DON GIOVANNI MILANI
MEDITA NELLA 12ª DOMENICA
DOPO PENTECOSTE

Nei capitoli 11 e 12 del vangelo di Matteo troviamo una narrazione ricca di molti temi ma non organizzata in sequenza di discorsi come nel capitolo che li precede e in quello che segue che formano l’ossatura simbolica del primo vangelo. Il brano poi che ci è proposto oggi, ci dà molto a pensare, infatti si discosta dalla facile immagine del Signore Gesù tutto condiscendenza e bontà, ce ne riporta parole d’amarezza e severità. Già è significativo il suo primo esprimersi: “A chi paragonerò questa generazione?”; quel temine: γενεὰν ταύτην: questa generazione, pur variamente declinato, segnala subito infatti, intonazione piuttosto in negativo, usato com’è sempre – nel Nuovo Testamento, ma già anche nel Vecchio – per esprimere riferimento all’incredulità e al tradimento dell’Alleanza. Anche i giochi dei fanciulli non rischiarano la severità delle espressioni: sono presi a paragone i neghittosi che non vogliono partecipare al gioco festoso, nuziale e rifiutano pure il mimare eventi di tristezza. Nel paragone possiamo trovare non solo immagini fanciullesche, ma riferimenti all’annuncio buono, gioioso (evangelico appunto) della predicazione del Signore e la severità ascetica di Giovanni che subito saranno richiamate con espressione solenne.

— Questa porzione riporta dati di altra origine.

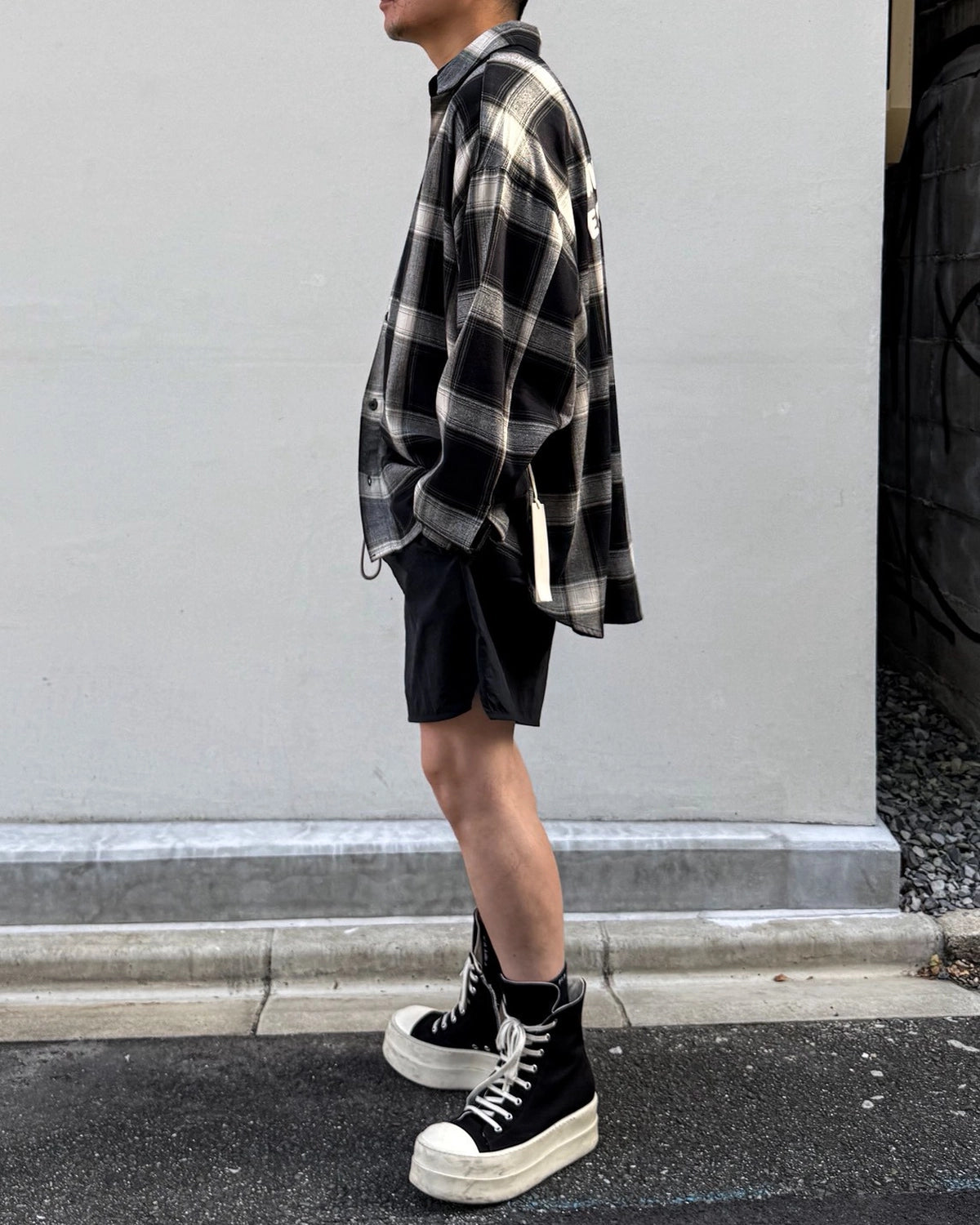ESSENTIALS / BUTTON UP SHIRT (RW00308-0128)
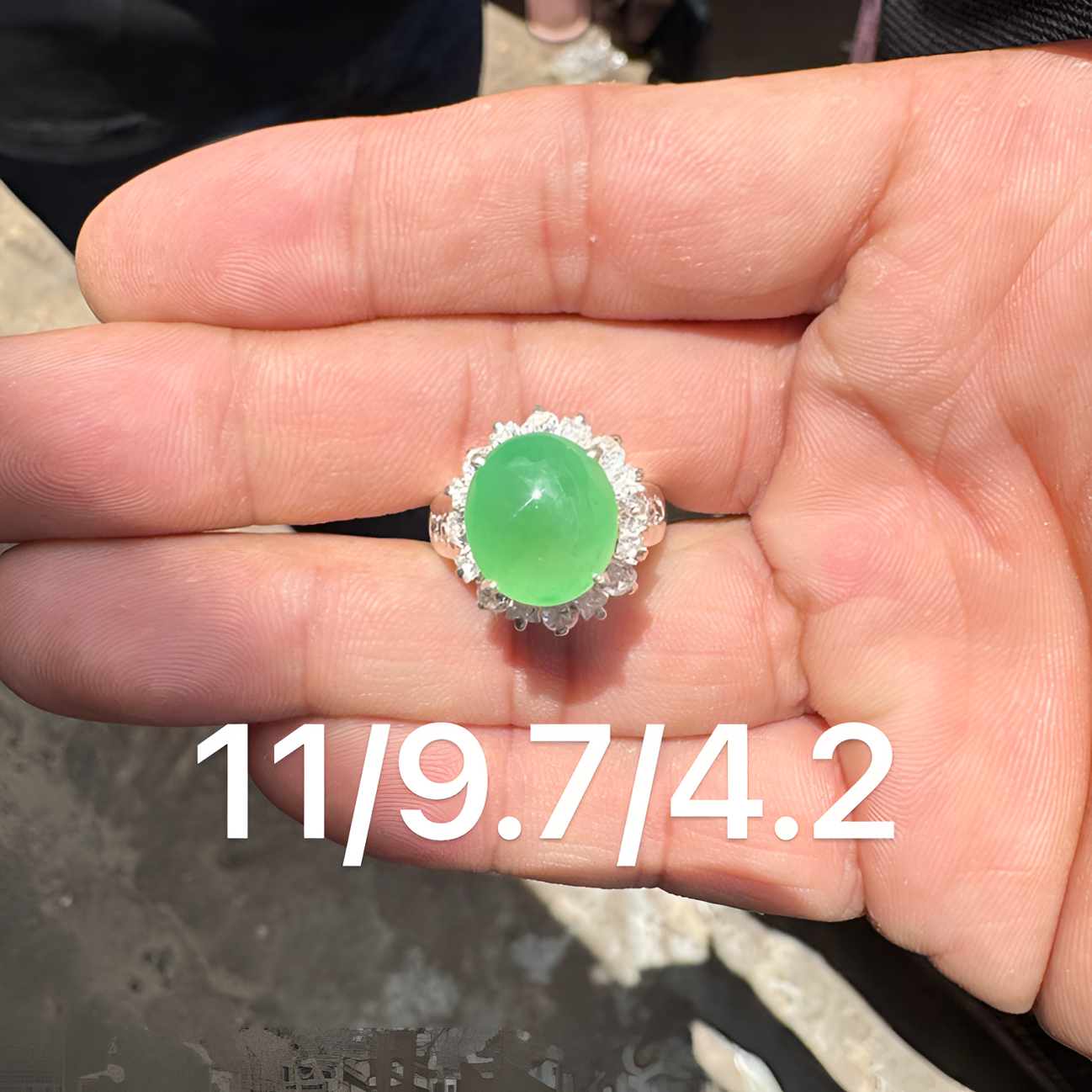0625(小哪吒在源头)冰种翡翠甜阳绿戒面干净肉细饱满荧光足M280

L’atteggiamento neghittoso dei fanciulli parrebbe alludere a disinteresse e indifferenza, ma il testo vi legge ben oltre: il rifiuto dell’incredulità. Così il verbo introduttivo alle figure di Giovanni e del Figlio dell’uomo, è quel “venne” (ἦλθεν) che mostra un’intensità di definitivo che porta piuttosto ad un contesto escatologico il giudizio sull’incredulità della “generazione”. Matteo annota brevemente una frase che non ci è immediatamente luminosa: “Ma la sapienza è stata riconosciuta giusta per le opere che essa compie”. Poco avanti, anche i discepoli di Giovanni erano rimandati alle opere di Gesù, perché sono proprio loro – “le opere che il Padre mio mi ha dato da compiere” (Gv 5,36) – che gli danno credibilità. “Allora si mise a rimproverare le città…”. L’espressione tradotta non riporta la forza quasi veemente del termine originario (ὀνειδίζειν); io vi intenderei sdegno fin con intonazione di scherno, esplicitato, non tanto nei paragoni, quanto nel ripetersi di quei: “guai”, già in uso dei profeti che è pur il medesimo lamento-nenia delle prefiche negli antichi lutti. Si stigmatizza e condanna così l’inanità delle sicurezze in cui si trincera l’incredulità degli abitanti delle città dove il Signore Gesù ha, più che altrove, portato la parola e la potenza delle sue opere: nel giudizio ci sarà minor severità per le città pagane e peccatrici.